A travers ce discours, c’est aussi la question de la rigueur du raisonnement scientifique qui se pose. Car même quand un énoncé complotiste finit par être avéré, ce qui peut arriver, cela nous renseigne-t-il vraiment sur une capacité à analyser le réel ? « Au tir à l’arc, on peut atteindre la cible par hasard, comme on peut être un excellent archer et rater le mille. Ce qui est important ce n’est pas le résultat, mais la méthode », résume Samuel Buisseret. Et de donner l’exemple de ce bot (logiciel) Twitter, qui, au milieu de centaines de prédictions générées aléatoirement et toutes erronées, avait « prédit » les attentats du 13 novembre. C’est la démarche scientifique, la construction du raisonnement et la preuve qui doivent servir de juge de paix, explique M. Buisseret.
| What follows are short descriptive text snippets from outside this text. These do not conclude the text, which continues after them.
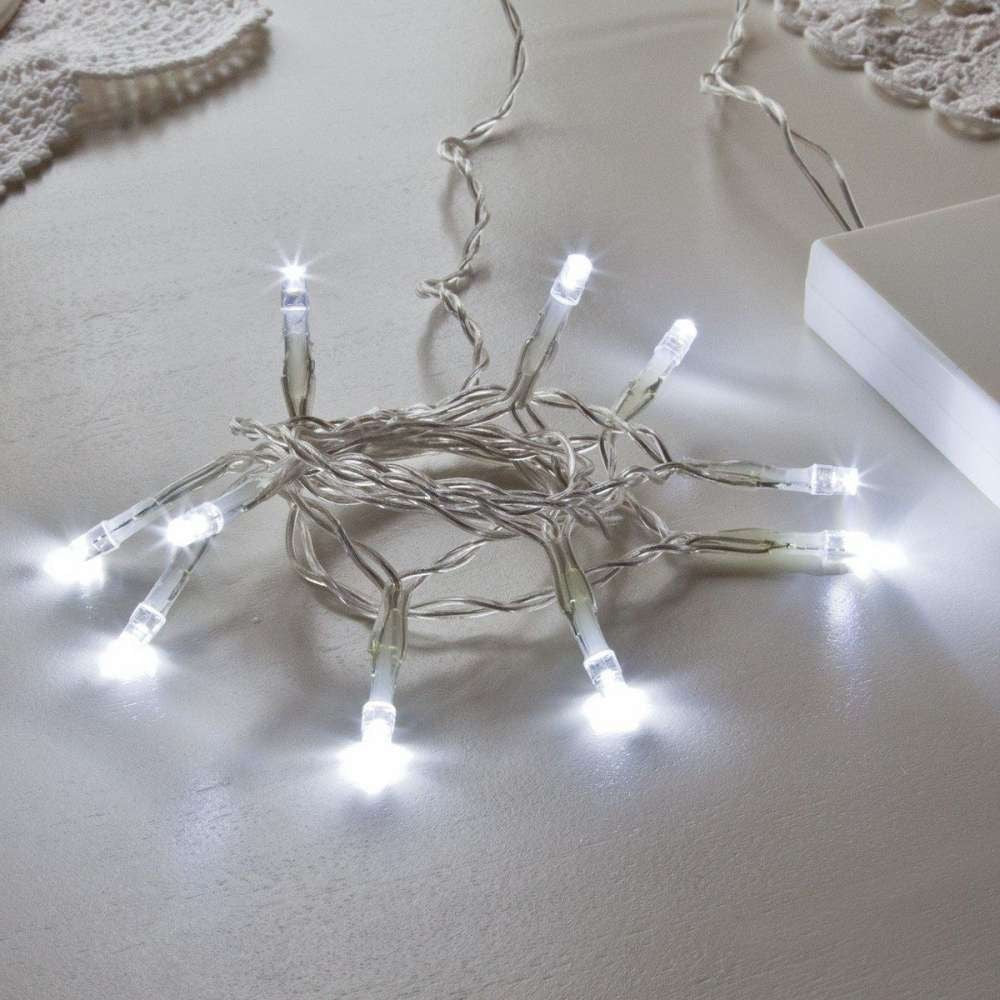 Instalatie de Craciun cu Baterii Tip Liniar, 2 jocuri de lumini, Fir Transparent 1 m 10 LED -uri, Alb Rece-3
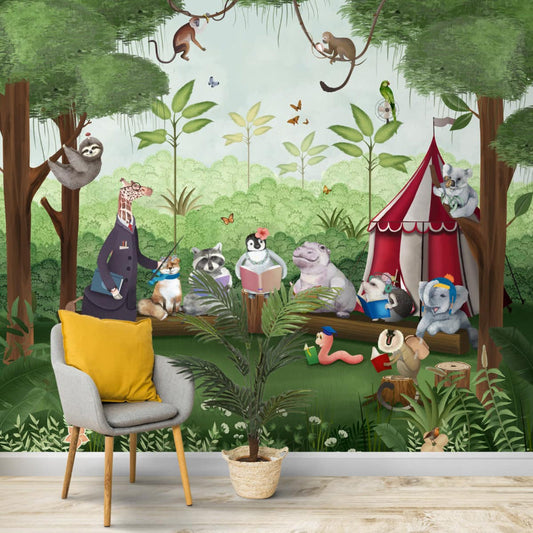 Jungle Class Room with Animals Wallpaper | Multiple Options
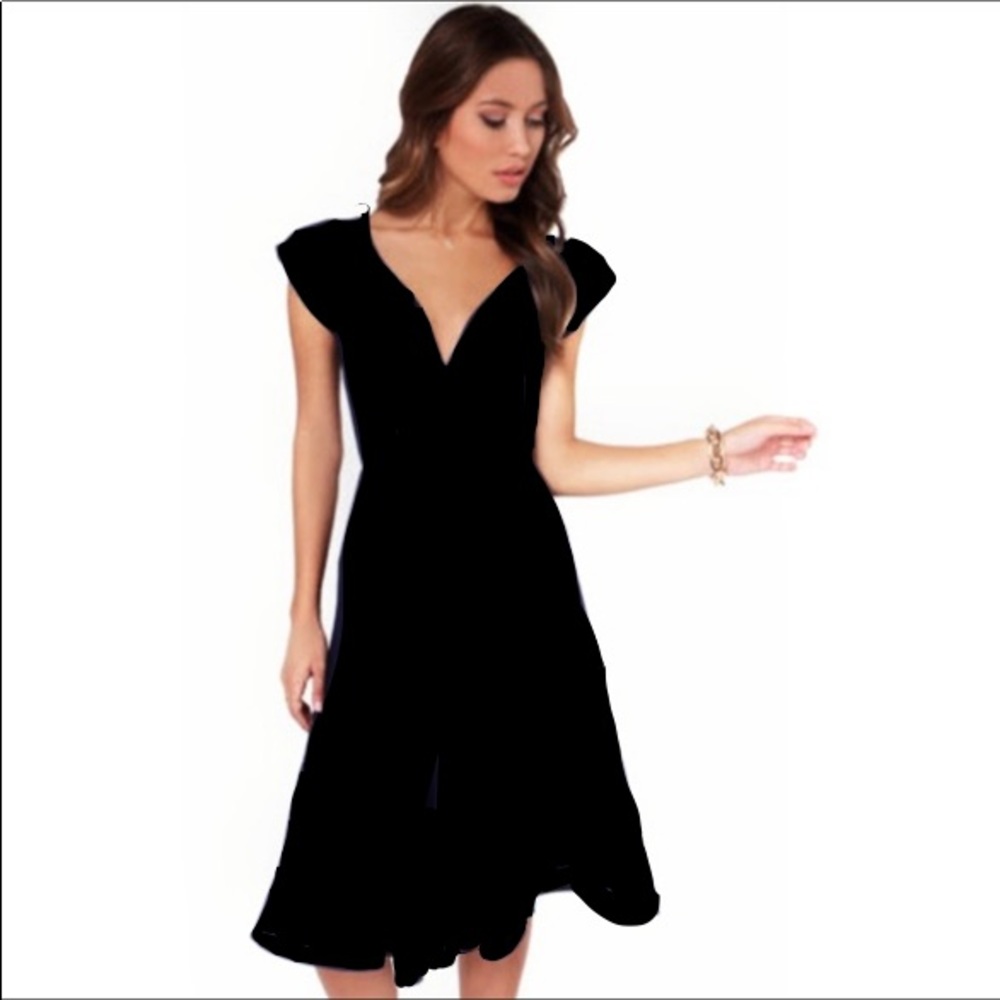 LULUS PLUNGING DEEP V CAP SLEEVE BLACK MIDI DRESS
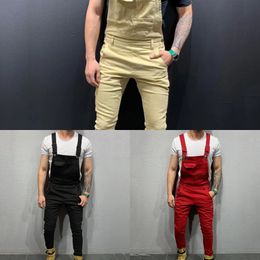 GAOKE UK Mens Fashion Denim Dungaree Bib Overalls Jumpsuits Moto Biker Jeans Pants Trousers 2021 New X0621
Ce « monstre qui sourit à notre porte », comme surnomme le complotisme Mme Danblon, a ainsi quelque chose à nous apprendre ou nous rappeler. « Il ne faut pas opposer des faibles, des imbéciles, à des malins, des courageux qui résisteraient au non-sens. C’est une fable que l’on se raconte pour se rassurer. » Le complotisme est plutôt un miroir de nos propres tentations :

« La science alimente elle aussi la machine à interprétation que nous sommes. Nous formulons des hypothèses, nous donnons du sens aux événements, et dans ce premier mouvement, nous sommes tous conspirationnistes. La différence, c’est que l’on essaie de mettre ces thèses au défi de la réalité, pour vérifier que l’on ne s’est pas trompé. »

Le complotisme a ainsi rarement raison pour de bonnes raisons. Sauf quand il nous rappelle l’importance de savoir avoir tort.